Somalia may not be the haven al Qaeda hoped it would become a year and a half ago before we supported an Ethiopian drive to unseat the Islamic Courts Movement, but al Qaeda still exists there. Now they're short one leader and a few others:
Islamist leader Aden Hashi Ayro, believed to be the head of al-Qaida in Somalia, was killed when the airstrike struck his house in the central Somali town of Dusamareeb, about 300 miles north of Mogadishu, said Sheik Muqtar Robow, a spokesman for the Islamic al-Shabab militia.
Another commander and seven others were also killed, Robow said. Six more people were wounded, two of whom later died, said resident Abdullahi Nor.
"Our brother martyr Aden Hashi, has received what he was looking for — death for the sake of Allah — at the hands of the United States," Robow told The Associated Press by phone.
Capt. Jamie Graybeal, a spokesman for U.S. Central Command, confirmed there was a U.S. airstrike early Thursday in the vicinity of Dusamareeb. Another U.S. military spokesman, Bob Prucha, said the attack was against a "known al-Qaida target and militia leader in Somalia." Both declined to provide further details.
And in the Philippines, an al Qaeda leader was wounded:
A top al-Qaida-linked militant long hunted by U.S. and Filipino troops was wounded during a military attack on a rebel encampment in the southern Philippines, a military spokesman said Thursday.

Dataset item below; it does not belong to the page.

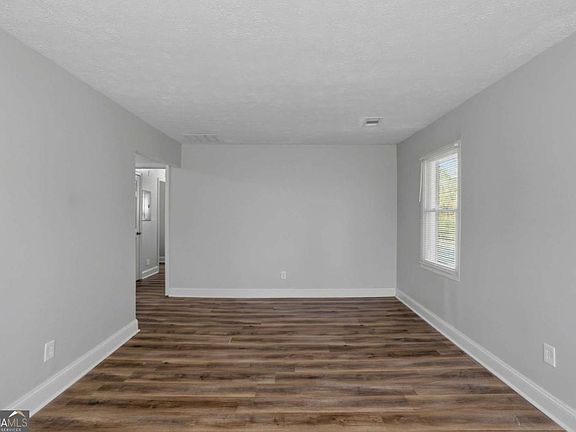 2nd image of 3741 Loren Dr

Around the world, usually quietly, our forces help local security forces battle al Qaeda and jihadi groups. Ideally, we can atomize these groups enough so that local friendly forces can keep them on the run so that they never rise to the level of threat that requires the highly kinetic efforts that we see in Iraq and Afghanistan.
And if we can make sure the ideology of jihad is discredited in the Moslem world, these atomized and on-the-run bands will dwindle over time and disappear.